Will Mitsubishi Stop Building U.S.-Only Models?
TOKYO -
In reviewing Mitsubishi’s global business plan for fiscal years 2011 through 2013, Auto Remarketing learned the end might be near for the automaker to continue building region-specific models, including U.S.-only models. Instead Mitsubishi looks poised to take on a more global approach with its product platforms.
The automaker’s production hub in the U.S. will be used to build a new vehicle to be sold domestically and abroad, Mitsubishi noted.
In its “Jump 2013” mid-term business plan, the automaker said it will stop building “region-specific” models and instead conduct globally focused production. The plan also calls for tapping into emerging markets, bolstering its environmental efforts and adjusting costs.

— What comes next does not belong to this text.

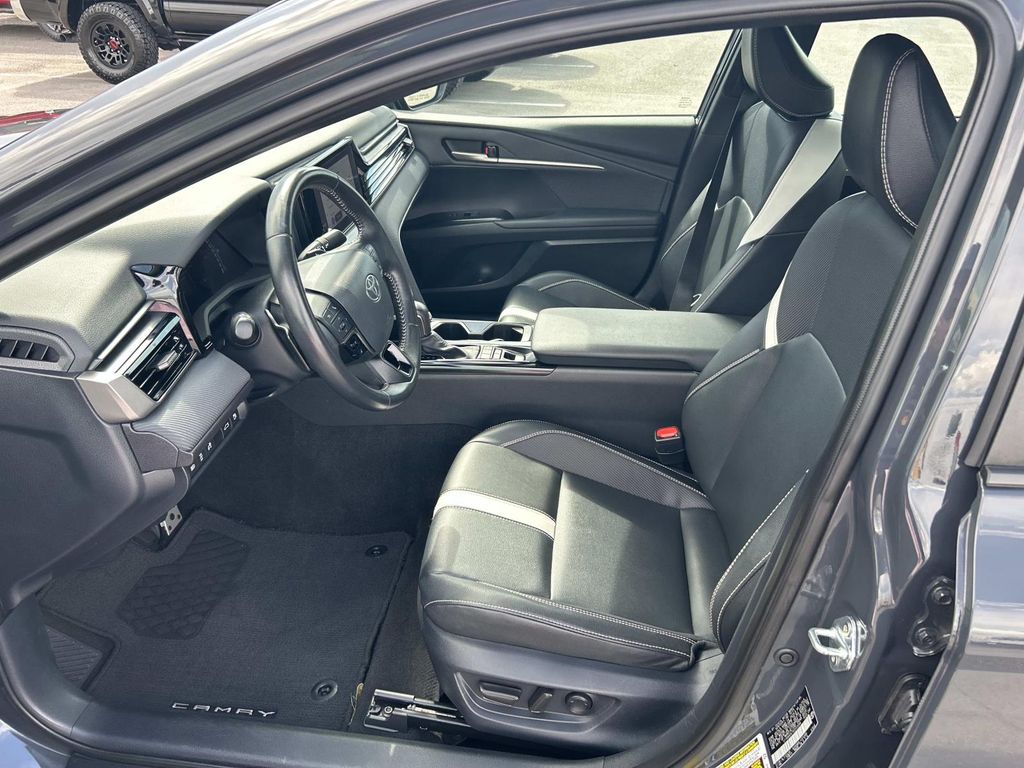 Vehicle photo 24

“The new plan reflects the immense change in automobile industry demand structure caused by worldwide economic turmoil,” the automaker said in a statement. “By focusing business resources on increasingly important areas such as fast-growing, emerging markets and on environmental initiatives, and by reforming cost structure, Jump 2013 aims for ‘growth and a leap forward.’”
Mitsubishi plans to unveil eight new vehicles that are either electric models or plug-in hybrids by 2015 and said that hybrids would be launched in 2013.
“In parallel, MMC will keep its business resources focused on globally strategic models such as compact cars and SUVs, for which high demand is expected, especially in emerging markets,” officials stated.
“Both development process and product range will be streamlined by discontinuing region-specific model production,” they added.
While also delving into its production plans for emerging markets, Mitsubishi said it will tweak its U.S, European and Japanese production hubs’ respective capacities.
Specifically, Mitsubishi said it will not replace the Colt in its European production plans, and indicated that its mini-car joint venture with Nissan in Japan is on track.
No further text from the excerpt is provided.